### [What you are asked to do]
What is needed is an exact copy of the data below, pictures excluded.

### [Material provided]
——

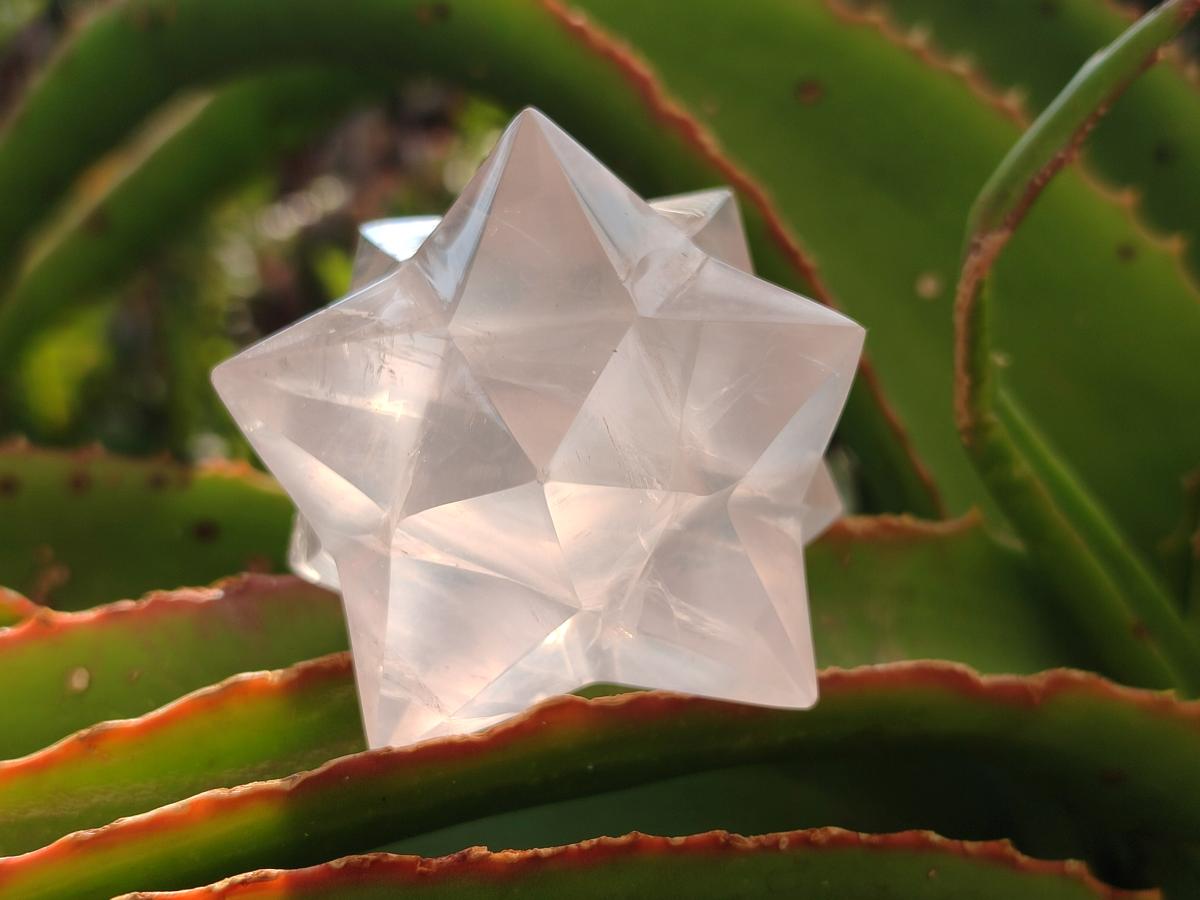 Hand Made Gemmy Rose Quartz Merkabah Star x 1 From Ambatondrazaka, Madagascar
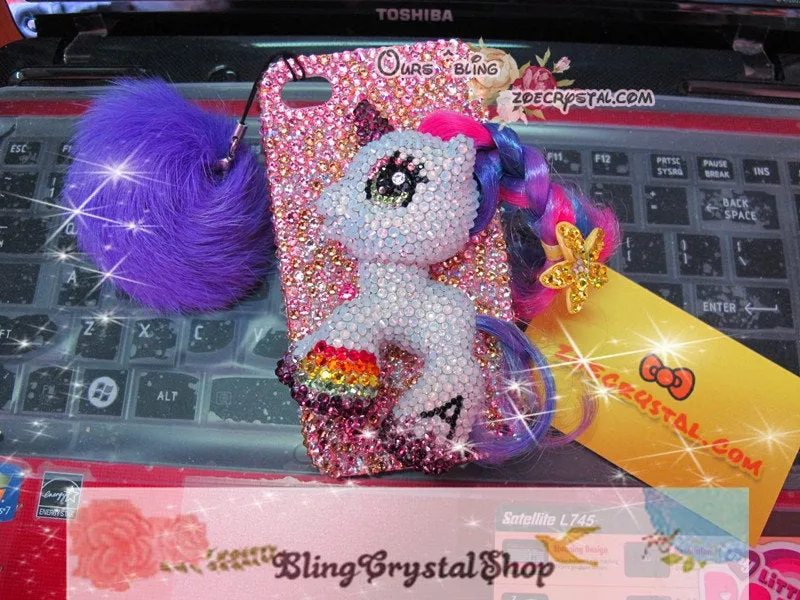 Swarovski My Little Pony / Unicorn  BLING Crystal 3D Cell Phone Case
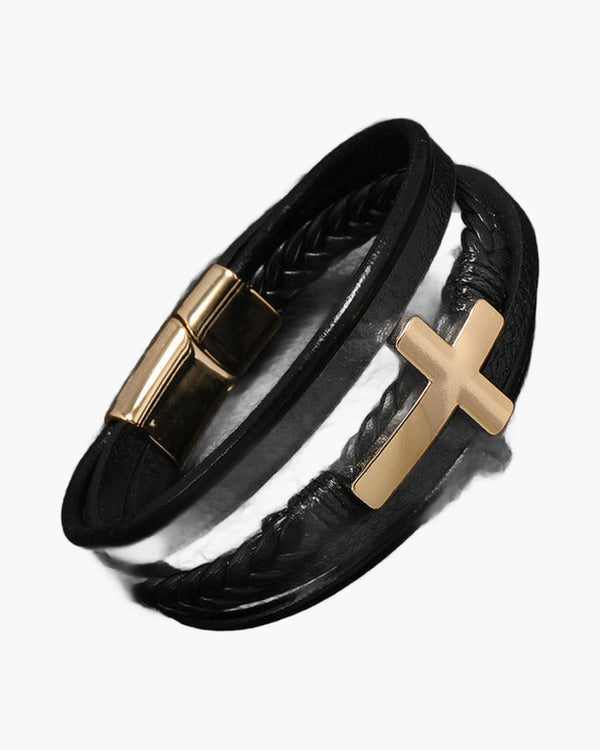 The Woven Faith Men's Cross Leather Bracelet view 3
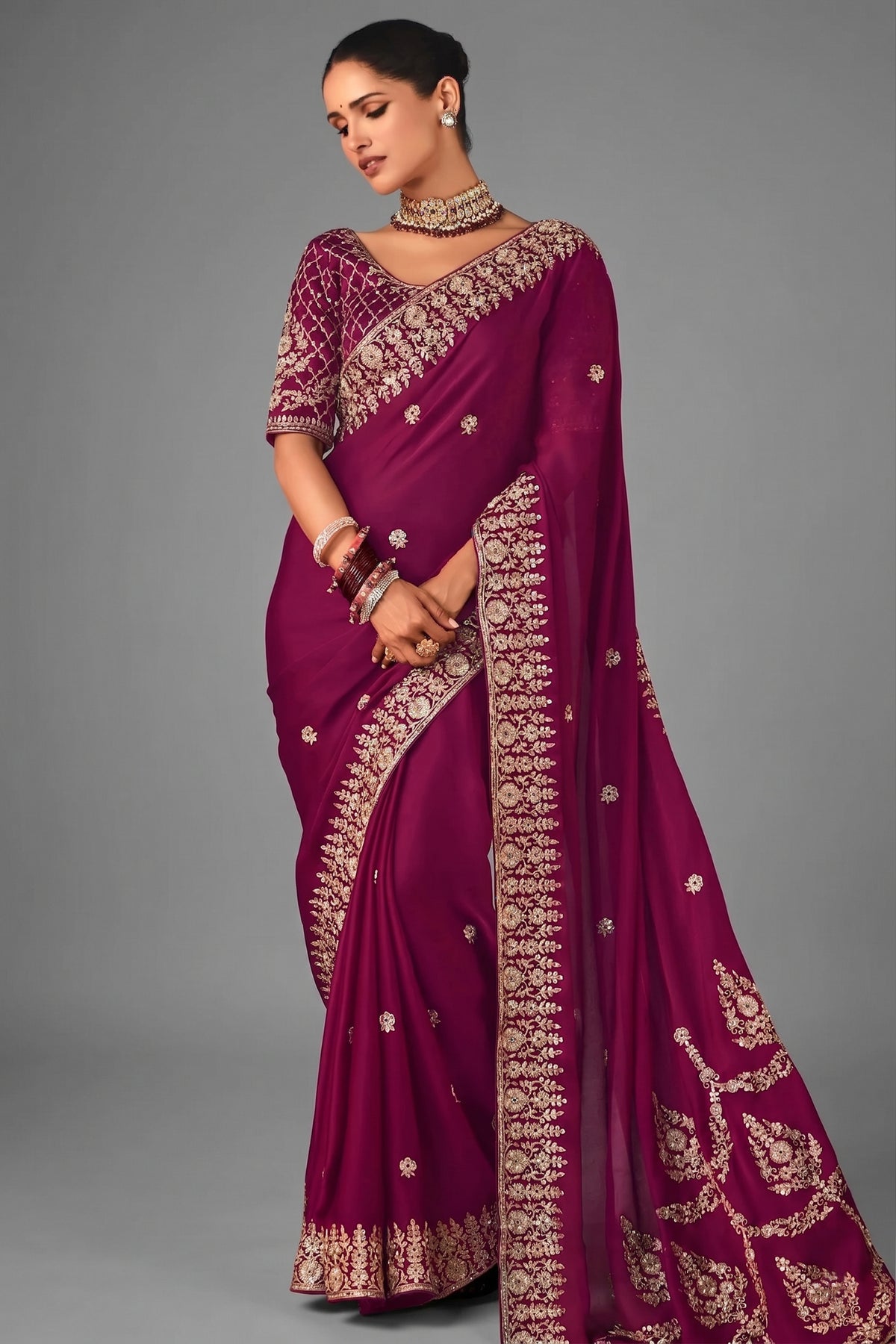 Purple Organza Saree with Embroidery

——

### [Answer to this task]
 Hand Made Gemmy Rose Quartz Merkabah Star x 1 From Ambatondrazaka, Madagascar
 Swarovski My Little Pony / Unicorn  BLING Crystal 3D Cell Phone Case
 The Woven Faith Men's Cross Leather Bracelet view 3
 Purple Organza Saree with Embroidery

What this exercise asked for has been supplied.